# Task statement
Line by line, print the records exactly as they are, dropping the pictures.

(Data items)
··········

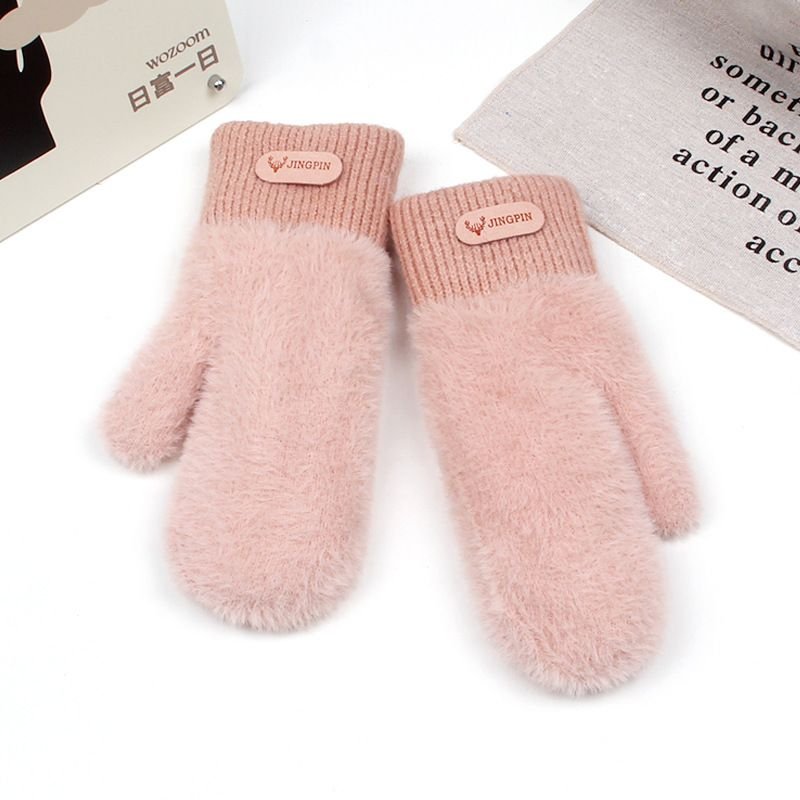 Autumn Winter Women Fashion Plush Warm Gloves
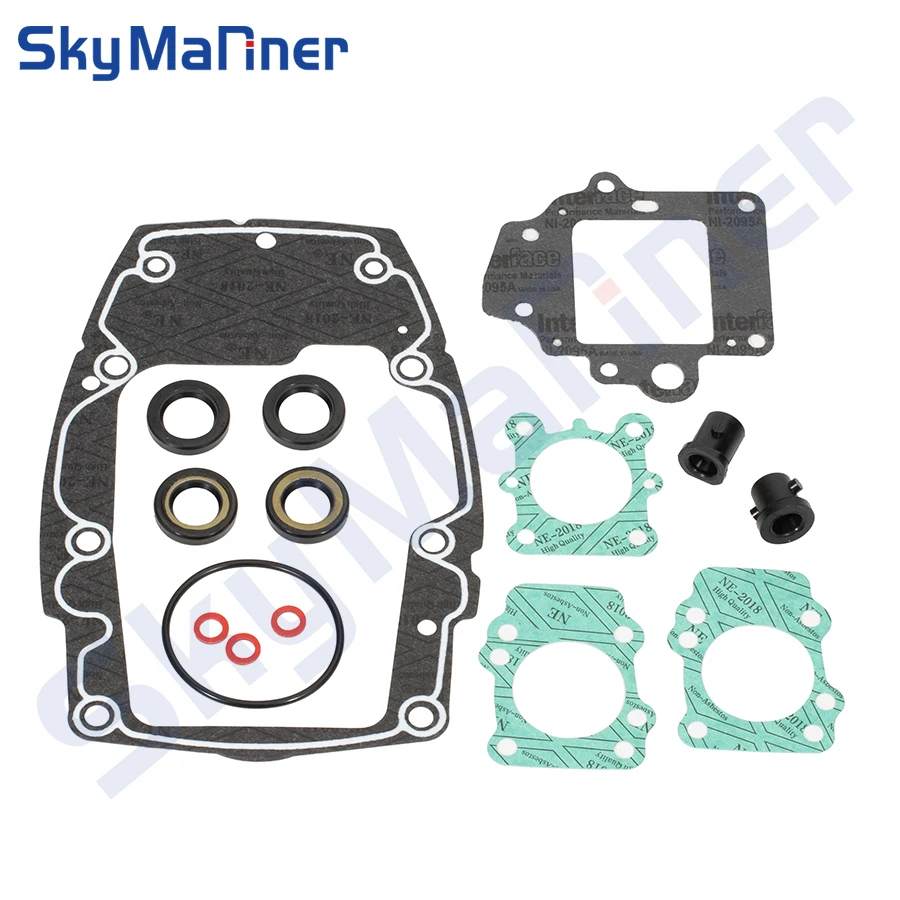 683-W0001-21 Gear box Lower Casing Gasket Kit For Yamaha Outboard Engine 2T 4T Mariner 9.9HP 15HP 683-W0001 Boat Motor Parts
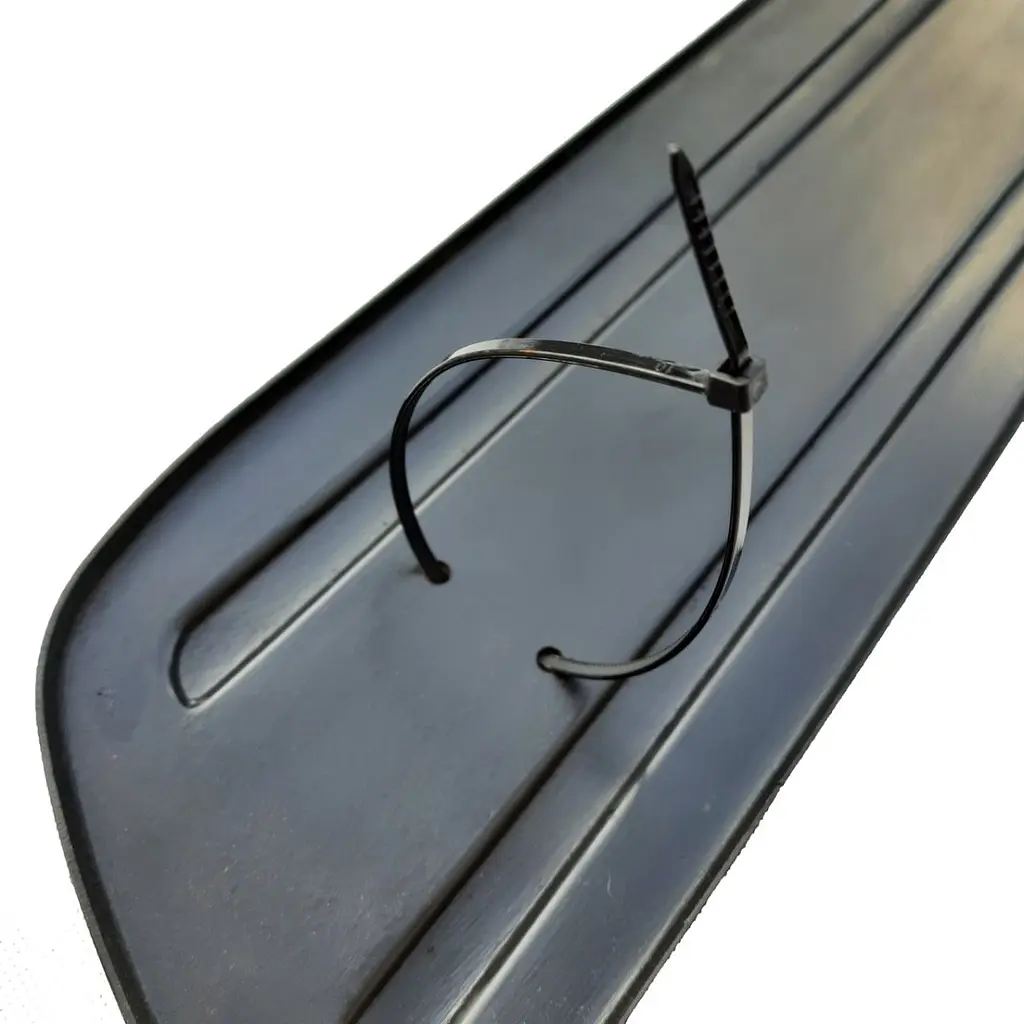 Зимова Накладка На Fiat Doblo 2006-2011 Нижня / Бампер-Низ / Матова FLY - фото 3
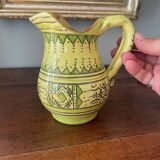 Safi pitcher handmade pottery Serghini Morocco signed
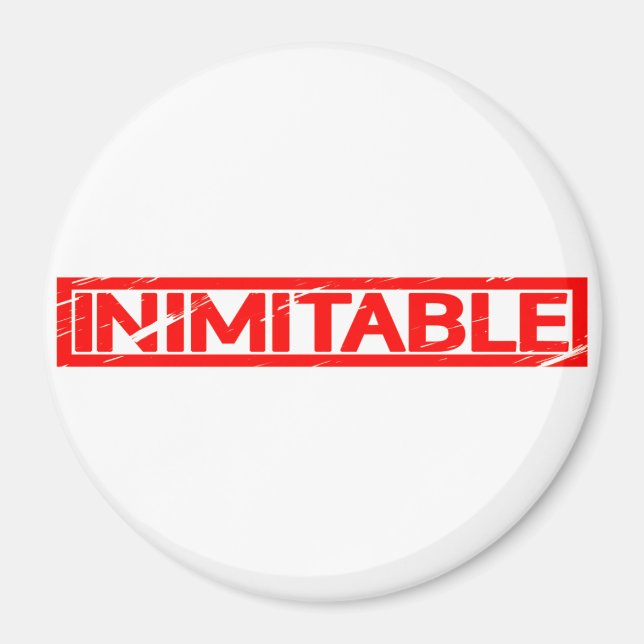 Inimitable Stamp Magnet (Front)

··········

# Task result
 Autumn Winter Women Fashion Plush Warm Gloves
 683-W0001-21 Gear box Lower Casing Gasket Kit For Yamaha Outboard Engine 2T 4T Mariner 9.9HP 15HP 683-W0001 Boat Motor Parts
 Зимова Накладка На Fiat Doblo 2006-2011 Нижня / Бампер-Низ / Матова FLY - фото 3
 Safi pitcher handmade pottery Serghini Morocco signed
 Inimitable Stamp Magnet (Front)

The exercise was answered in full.